NEW YORK/LONDON, June 8 (Reuters) - The volatile copper market ended up for the first time in seven sessions on Tuesday but stayed close to eight-month lows as a firmer tone in the euro helped offset uncertain economic and demand prospects.
Copper for July delivery HGN0 on the New York Mercantile Exchange's COMEX division rose 1.35 cents to finish at $2.7795 per lb, after dealing in a range from $2.7880 to $2.73. The low came within 1 cent of Monday's session trough of $2.72, a low dating back to early October 2009.
On the London Metal Exchange, benchmark copper for three-months delivery CMCU3 ended at $6,165 a tonne. It closed at $6,100 on Monday after touching an eight-month low of $6,037.50.
Copper prices have lost about 13 percent in the previous six sessions, slammed by concern over debt contagion in Europe, Chinese monetary tightening and poor U.S. data, including Friday's disappointing jobs numbers.
The six down days were the longest losing streak since a similar showing in December 2009 and a seven-day rout starting in early November 2008 in the aftermath of the Lehman collapse.
"Sentiment has turned quite bearish -- particularly with regard to Europe," said Daniel Smith, an analyst at Standard Chartered on sovereign debt.
That slide in sentiment was reinforced when Fitch Ratings said the UK was facing a "formidable" fiscal challenge and said Britain's public debt ratio had climbed more quickly than those of other top-rated sovereign credits.
"The UK warning is just another dagger into the industrial demand picture," said Frank McGhee, head precious metals trader with Integrated Brokerage Services LLC in Chicago.
Another concern for the market has been China, the world's top metals consumer, where a number of policy tightening measures have begun to seep into data, most recently last week's manufacturing data.
All eyes will be on May import data Thursday, which is expected to show arrivals of unwrought copper and semi-finished copper products fell slightly from April.

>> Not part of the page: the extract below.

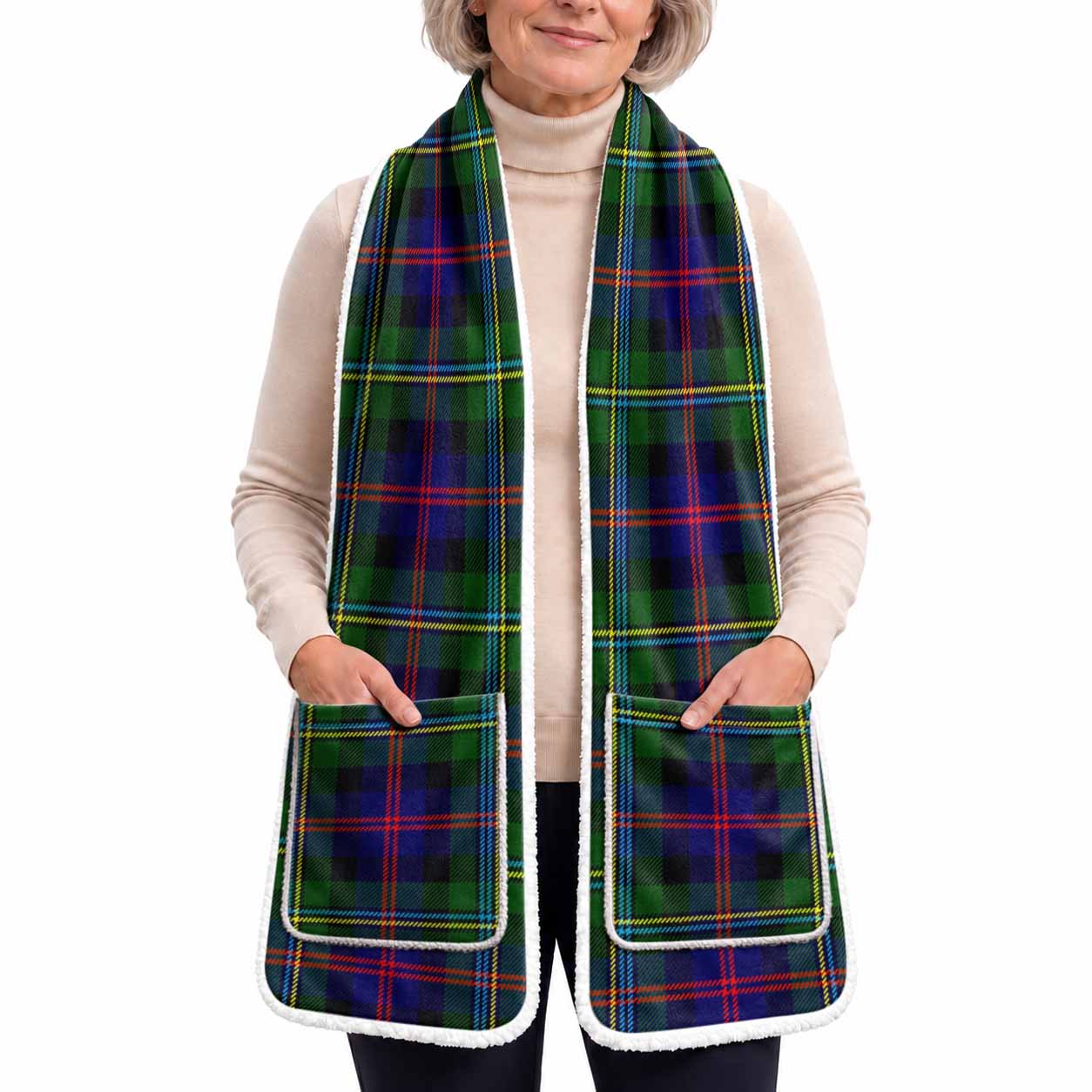 Malcolm Tartan Hand-Warmer Pocket Scarf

In other markets, the euro added to gains on Tuesday to riseabove $1.20 as investors continued to take profits a day after the currency hit its lowest level against the dollar since early 2006. [USD/]
A stronger euro makes metals cheaper for European investors.
Base metals demand has remained steady despite a recent dive in prices, the chief executive of Teck Resources (TCKb.TO), Canada's biggest base-metals miner, said on Tuesday.
"We don't think there's been any change in fundamental demand," Teck CEO Don Lindsay told the RBC Global Mining and Materials Conference in Toronto.
He said the economic fundamentals that have underscored the metal market's sharp rebound from the late 2008 crash are still in place, anchored by China's push for urbanization which has fueled demand for the copper, zinc, and metallurgical coal that Teck produces. "We wouldn't bet against China," he said.
LME copper stocks, which are seen as indicating demand trends, fell 900 tonnes to total 469,850 tonnes, the smallest supply since mid-December last year and down some 15 percent since a mid-February peak.
Among other industrial metals, aluminum CMAL3 ended at $1,920 a tonne from $1,867, with stocks of the metal used in transport and packaging falling 7,875 tonnes to 4.52 million tonnes.
Zinc CMZN3 closed up $106 at $1,734 a tonne, lead CMPB3 ended up $56 at $1,610, tin CMSN3 ended at $15,930 from $15,500 and nickel CMNI3 at $18,470 from $18,200.
In early trading, zinc and lead rose over 5 percent to peak at $1,735.75 and $1,635.75 respectively as analysts pointed to buying triggered by chart points rather than fundamentals.